#### DATA SHOWN ####
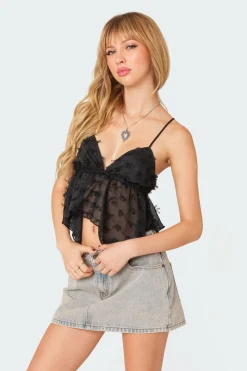 Flutter Frilled Tie Back Top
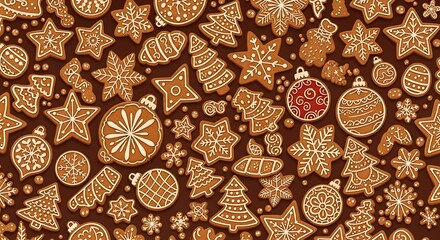 Festive Christmas Gingerbread Cookies Seamless Pattern Design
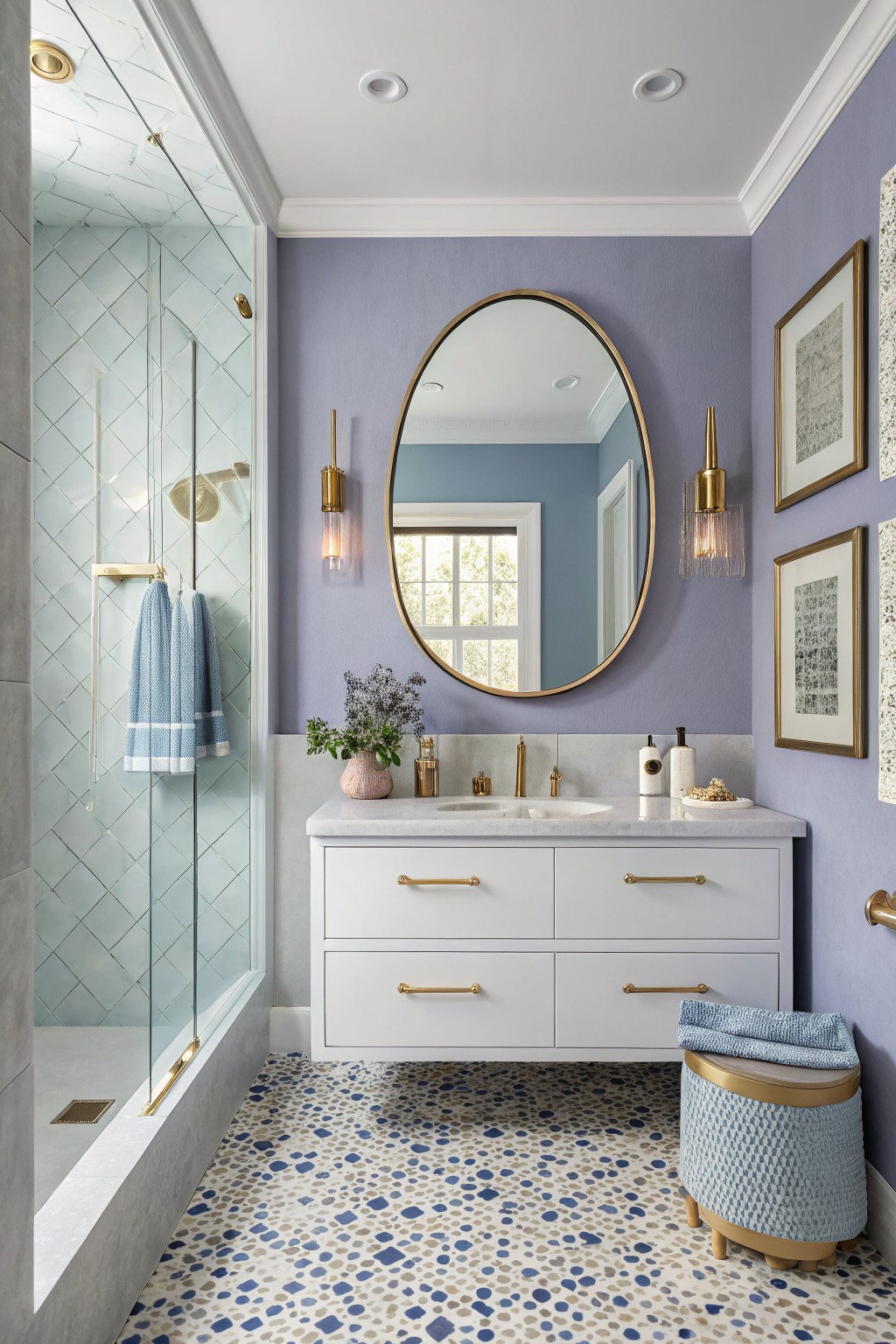 A small bathroom with soft lavender walls and a white vanity.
####
TASK TO COMPLETE =
Go through the material above and retype every line exactly, without the images.

EXERCISE RESULT =
 Flutter Frilled Tie Back Top
 Festive Christmas Gingerbread Cookies Seamless Pattern Design
 A small bathroom with soft lavender walls and a white vanity.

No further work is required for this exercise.